Problem details —
Please give the lines below again exactly as they stand, from the one that contains "Cover image for" up to and including the one that contains "Wheatgrass (Organic)", leaving all pictures out.

Source material —

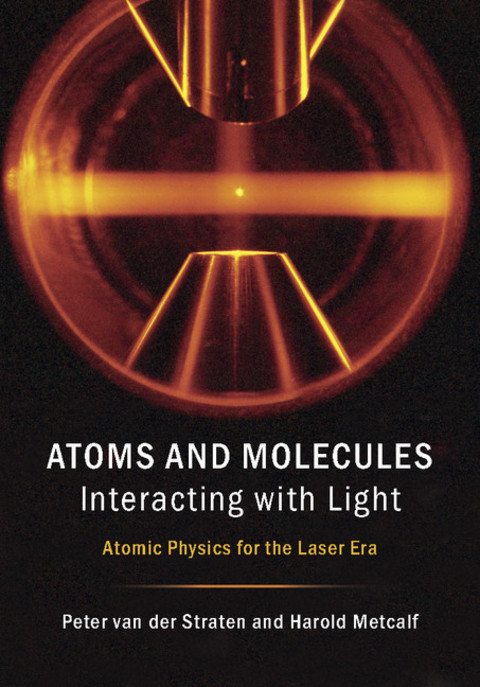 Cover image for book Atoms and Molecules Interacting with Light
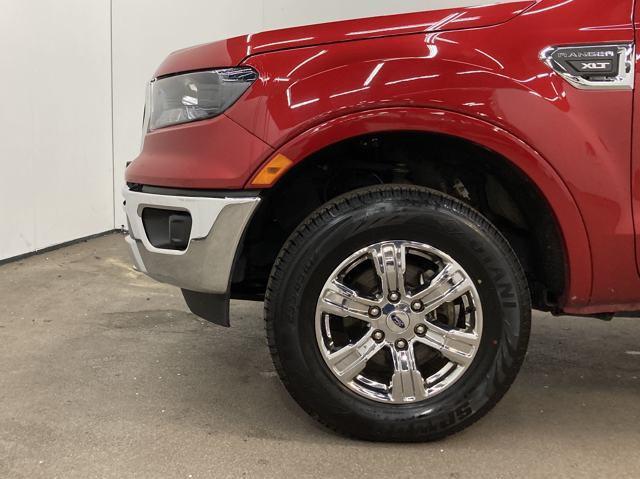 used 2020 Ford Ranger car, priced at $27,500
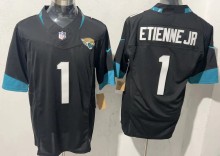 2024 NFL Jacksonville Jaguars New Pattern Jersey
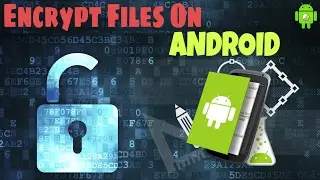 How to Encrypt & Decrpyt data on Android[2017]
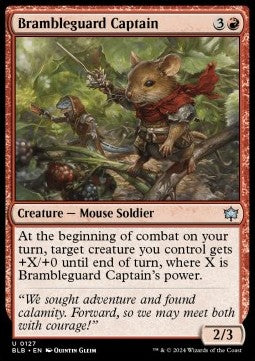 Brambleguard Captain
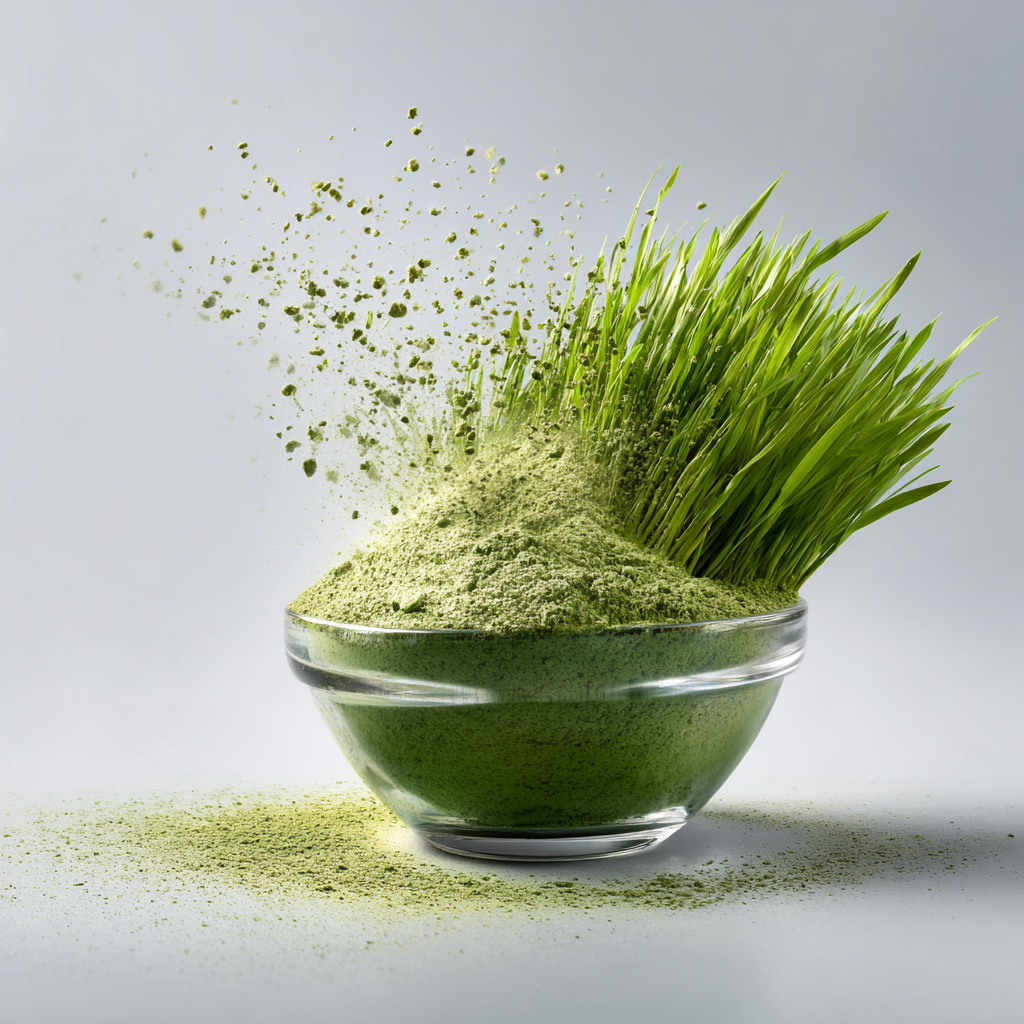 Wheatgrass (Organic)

...

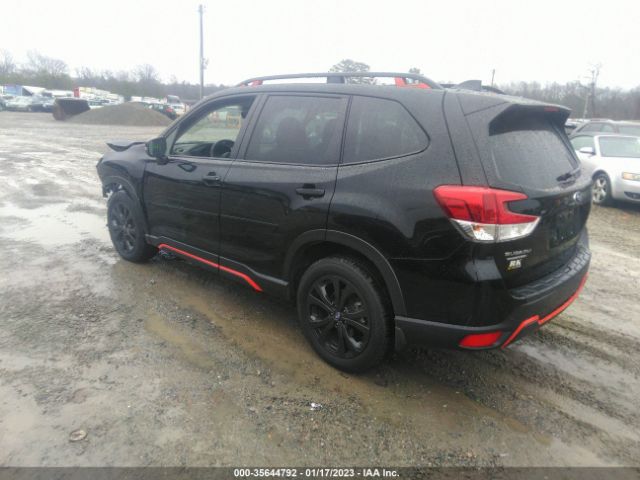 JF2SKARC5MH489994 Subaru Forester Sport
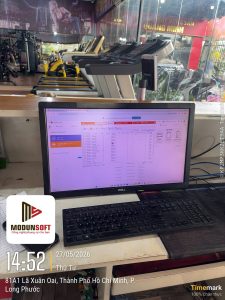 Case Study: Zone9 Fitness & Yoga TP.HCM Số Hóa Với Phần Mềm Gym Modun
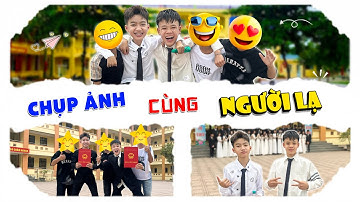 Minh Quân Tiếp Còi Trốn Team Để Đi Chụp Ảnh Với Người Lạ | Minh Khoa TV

* * *

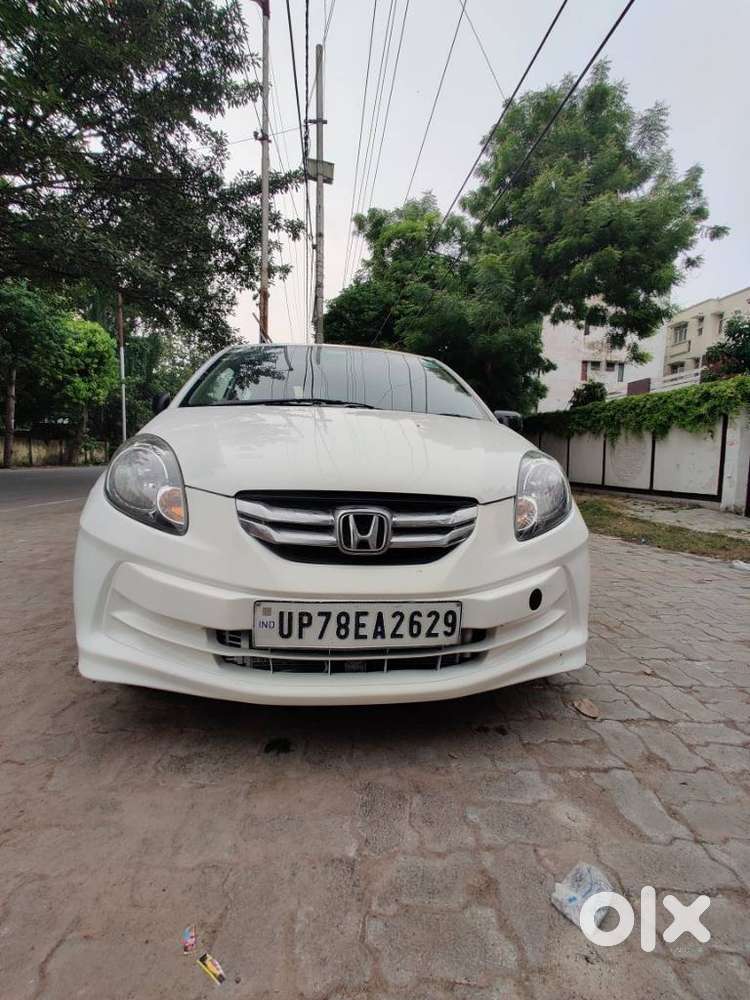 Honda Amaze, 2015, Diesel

Exercise solution —
 Cover image for book Atoms and Molecules Interacting with Light
 used 2020 Ford Ranger car, priced at $27,500
 2024 NFL Jacksonville Jaguars New Pattern Jersey
 How to Encrypt & Decrpyt data on Android[2017]
 Brambleguard Captain
 Wheatgrass (Organic)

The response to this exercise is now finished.